Work request –
Copy nothing but the lines running from the one containing "this 1350×896 image." through the end of the listing below. Drop the pictures.

Data listing –
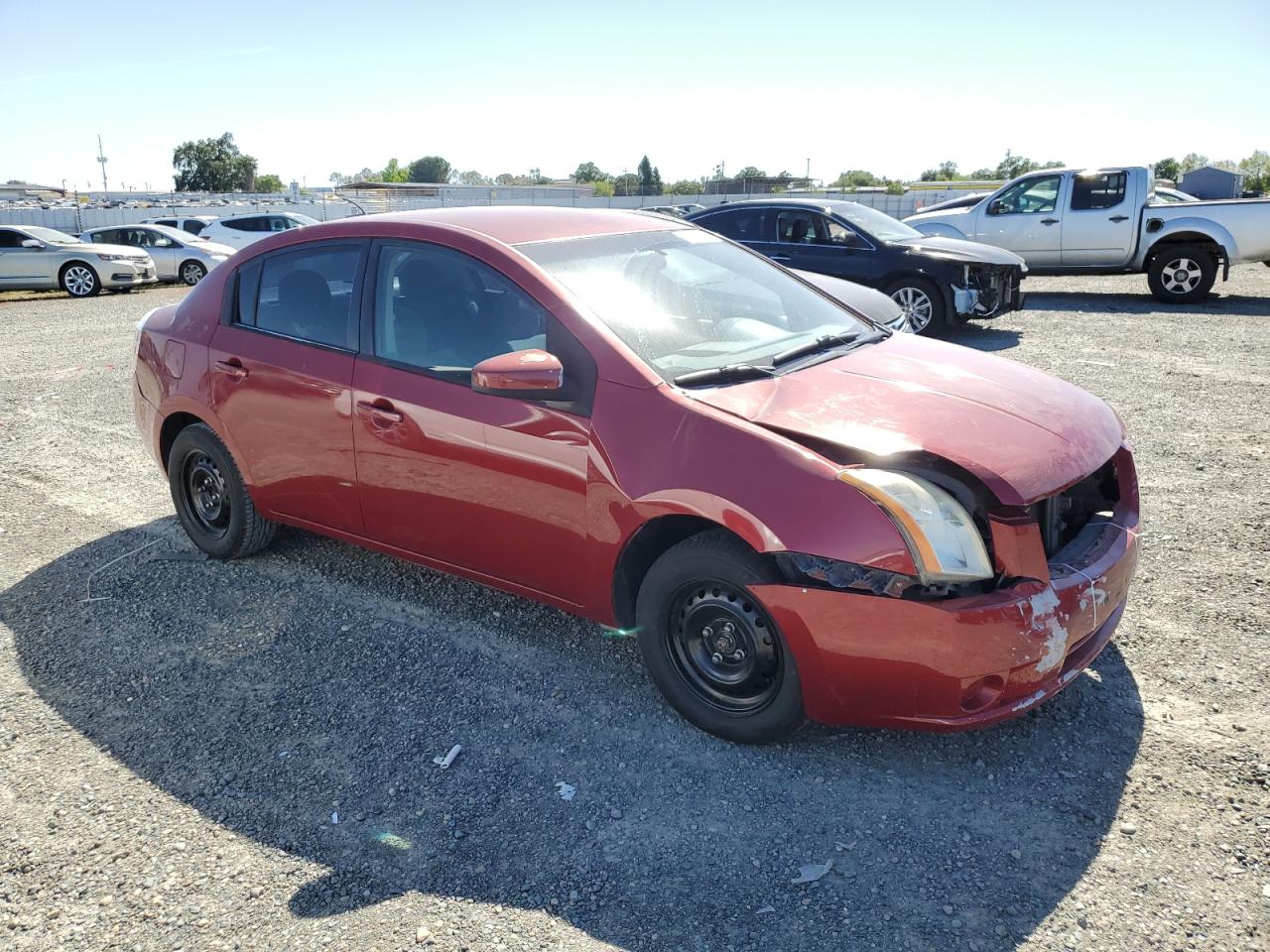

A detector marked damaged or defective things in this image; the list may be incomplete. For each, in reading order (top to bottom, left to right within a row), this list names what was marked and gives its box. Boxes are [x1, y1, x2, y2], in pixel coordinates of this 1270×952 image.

crumpled hood [889, 234, 1026, 269]
damaged front bumper [950, 265, 1026, 320]
crumpled hood [686, 332, 1122, 502]
broken headlight [837, 469, 995, 588]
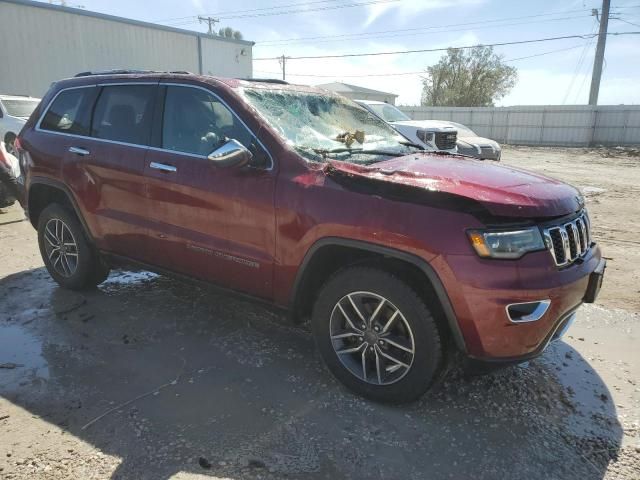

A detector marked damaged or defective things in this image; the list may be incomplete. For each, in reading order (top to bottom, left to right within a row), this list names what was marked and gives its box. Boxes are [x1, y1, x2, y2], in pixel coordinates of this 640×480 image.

shattered windshield [240, 88, 420, 165]
damaged hood [328, 154, 584, 218]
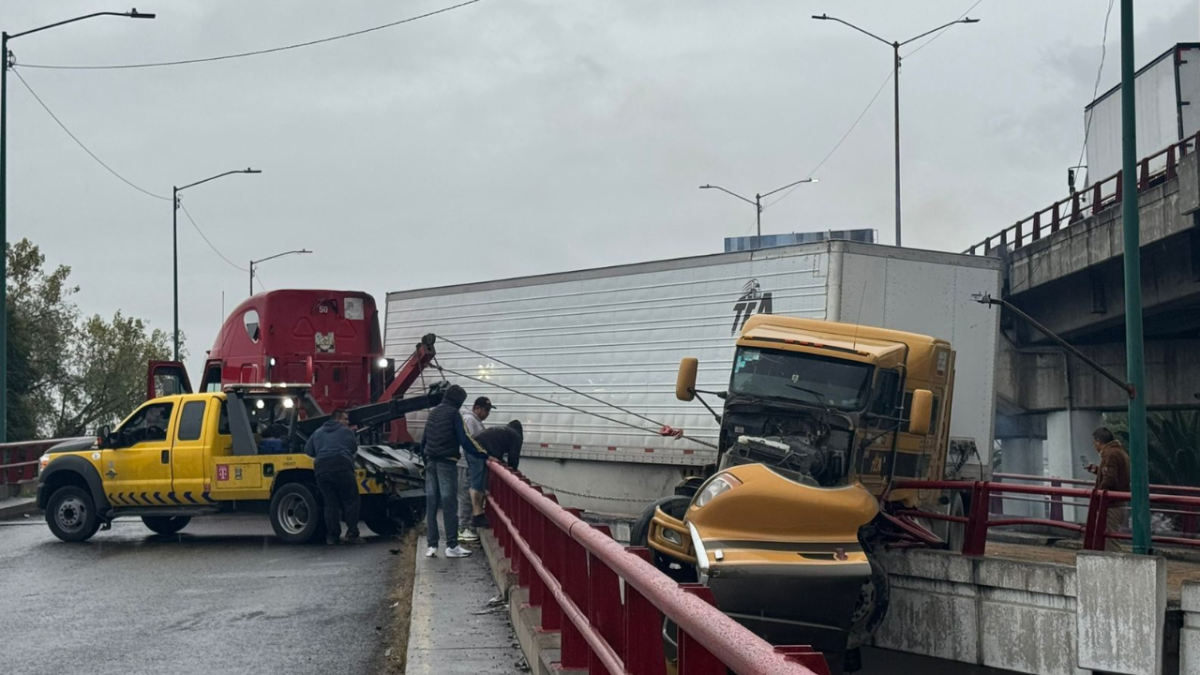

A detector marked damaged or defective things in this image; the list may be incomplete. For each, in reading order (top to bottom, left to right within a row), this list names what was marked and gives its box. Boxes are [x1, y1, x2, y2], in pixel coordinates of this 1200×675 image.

crashed truck cab [644, 314, 952, 672]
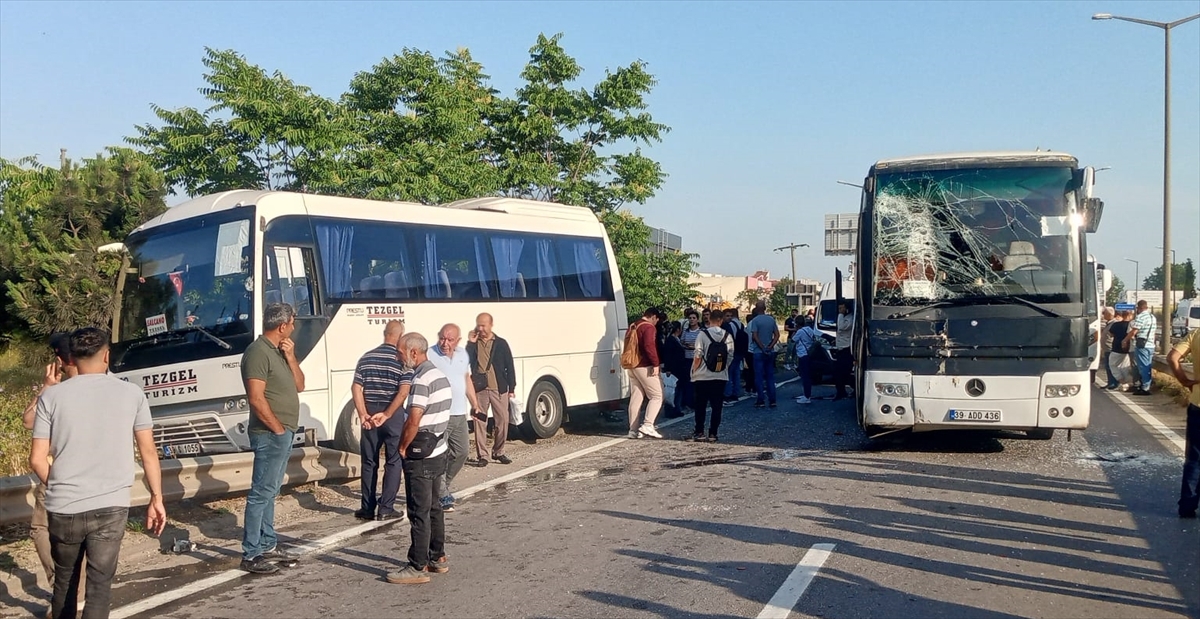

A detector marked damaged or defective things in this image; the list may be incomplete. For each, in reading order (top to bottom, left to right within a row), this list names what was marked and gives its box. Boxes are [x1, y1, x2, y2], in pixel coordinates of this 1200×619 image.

shattered windshield [112, 213, 255, 368]
cracked windshield [117, 218, 253, 344]
cracked windshield [868, 166, 1080, 306]
shattered windshield [868, 167, 1080, 308]
broken glass [868, 167, 1080, 308]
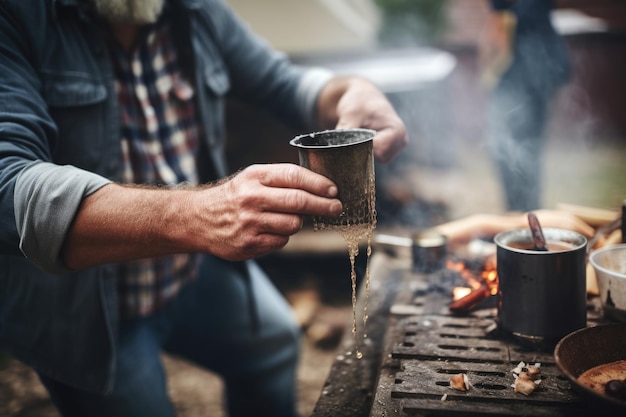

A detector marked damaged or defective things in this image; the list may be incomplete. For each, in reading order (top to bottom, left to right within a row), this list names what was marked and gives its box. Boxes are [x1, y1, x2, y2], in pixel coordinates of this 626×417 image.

rusty metal cup [288, 127, 376, 229]
rusty metal cup [492, 228, 584, 348]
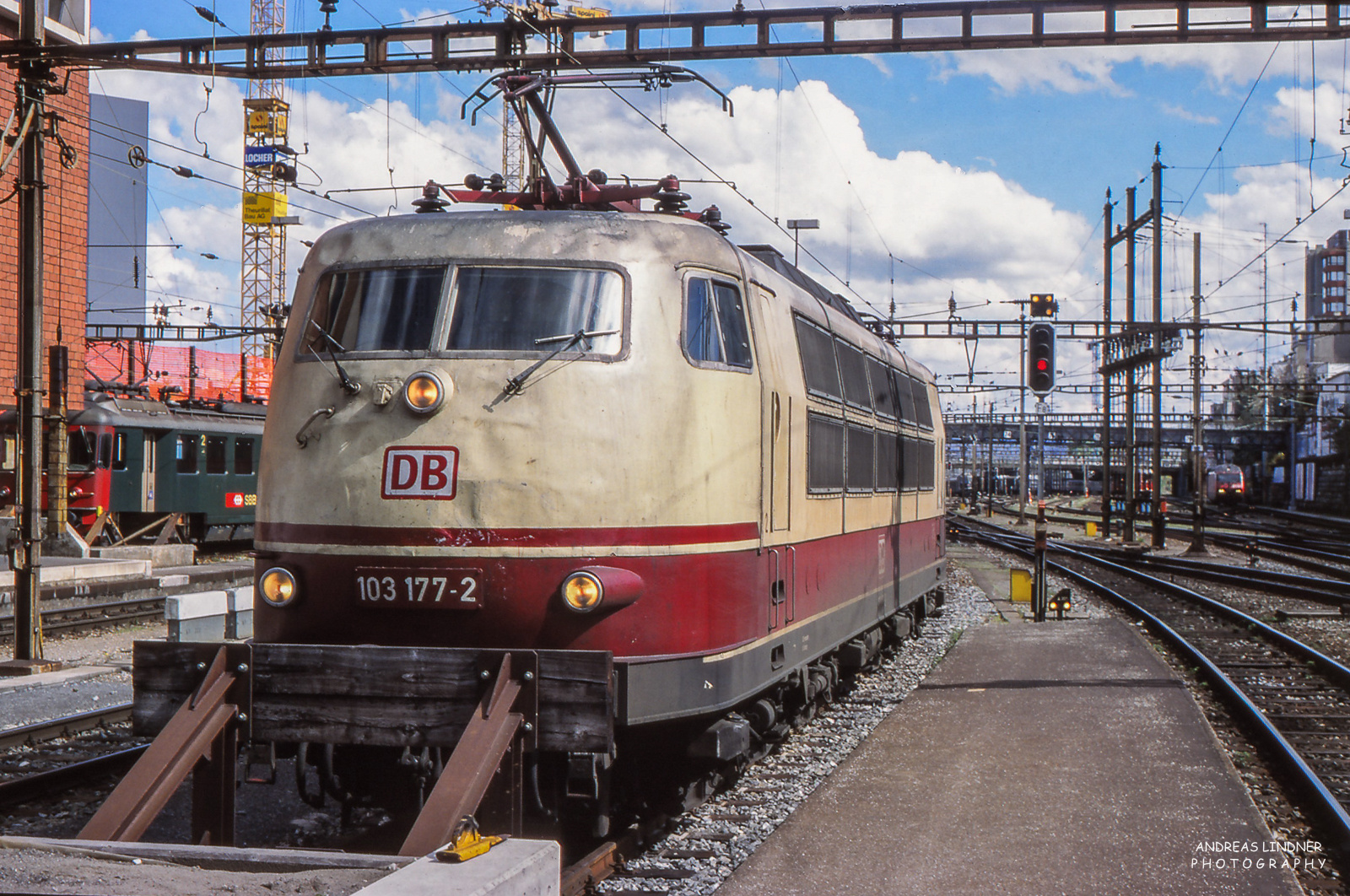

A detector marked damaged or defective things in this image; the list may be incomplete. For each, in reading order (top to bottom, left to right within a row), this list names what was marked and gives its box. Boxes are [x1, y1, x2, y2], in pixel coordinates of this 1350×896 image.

rusty steel beam [10, 0, 1350, 78]
rusty steel beam [78, 647, 248, 842]
rusty steel beam [397, 656, 523, 858]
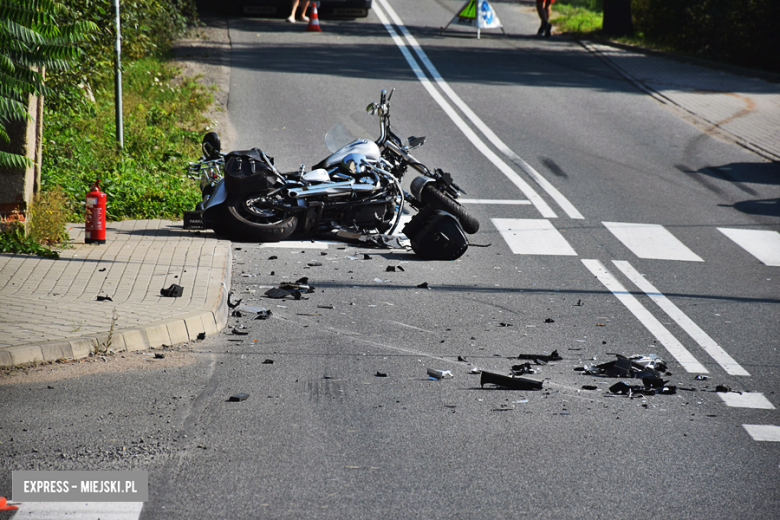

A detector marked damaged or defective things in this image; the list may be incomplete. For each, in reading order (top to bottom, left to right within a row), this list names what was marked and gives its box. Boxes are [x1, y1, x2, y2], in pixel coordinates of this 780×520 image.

crashed motorcycle [188, 91, 478, 260]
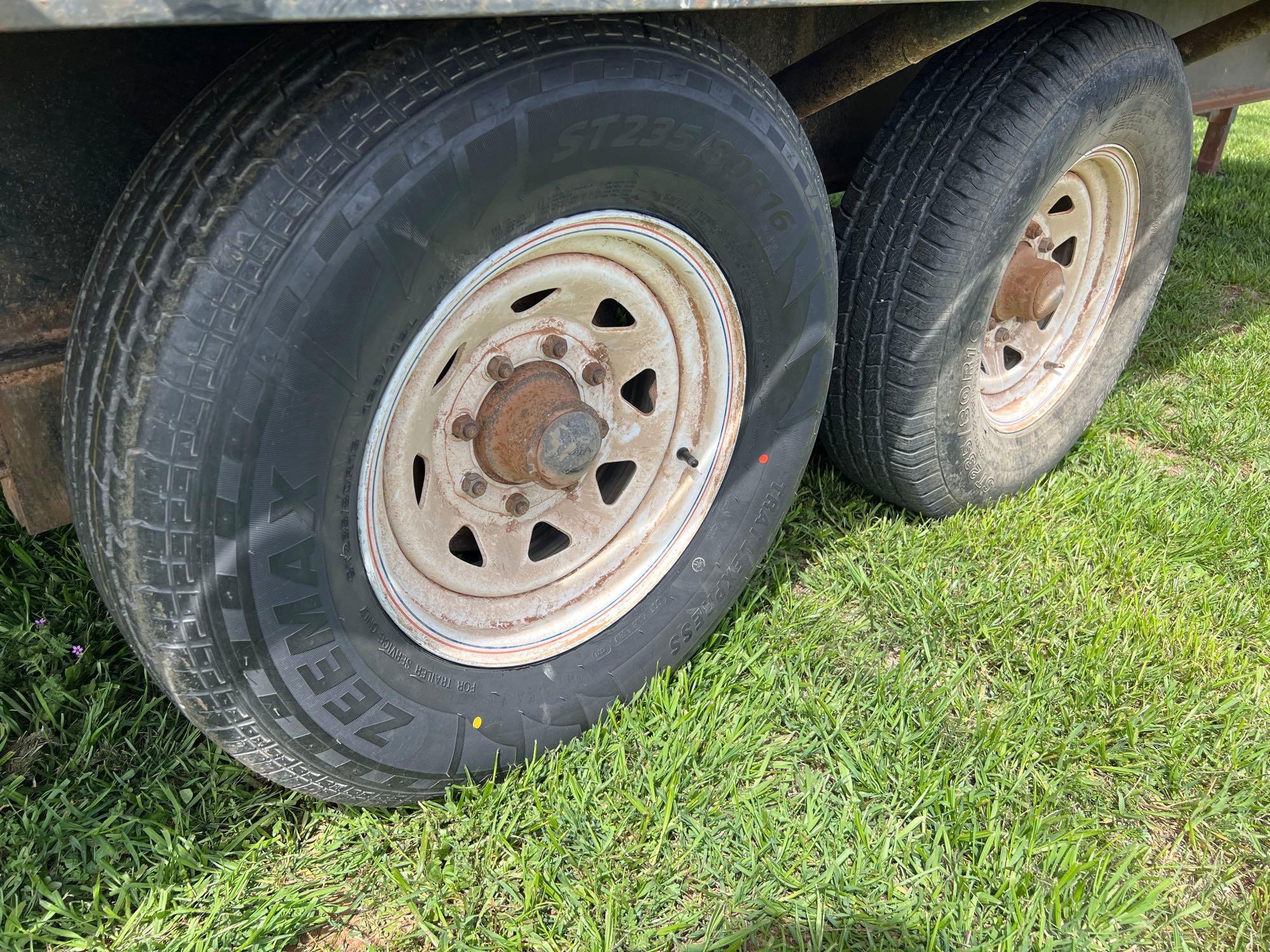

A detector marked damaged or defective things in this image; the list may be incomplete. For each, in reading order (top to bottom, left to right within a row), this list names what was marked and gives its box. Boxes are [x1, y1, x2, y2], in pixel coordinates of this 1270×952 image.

Exercise result –
A detector marked damaged or defective things in this image; the list may be incomplete. For each, in reading order (top to bottom, left to right within a row), this list names what was marked and gives its box. Boxes are [x1, y1, x2, y2], in pixel coordinates of this 1350×896 image.

rusty steel beam [10, 0, 1350, 78]
rusty steel beam [78, 647, 248, 842]
rusty steel beam [397, 656, 523, 858]

A detector marked damaged or defective things in this image; the list may be incomplete. For each, in reading order (top to bottom, left to right within a row), this list names what was marked and gives its box. Boxes are [x1, y1, x2, y2], in pixel coordinates of this 780×520 image.

crashed motorcycle [188, 91, 478, 260]

A detector marked damaged or defective things in this image; the list may be incomplete. For each, in reading order (top to bottom, left to right within a row), this list names what was marked and gives its box. Boxes are [x1, y1, x2, y2], in pixel coordinates of this 1270×952 image.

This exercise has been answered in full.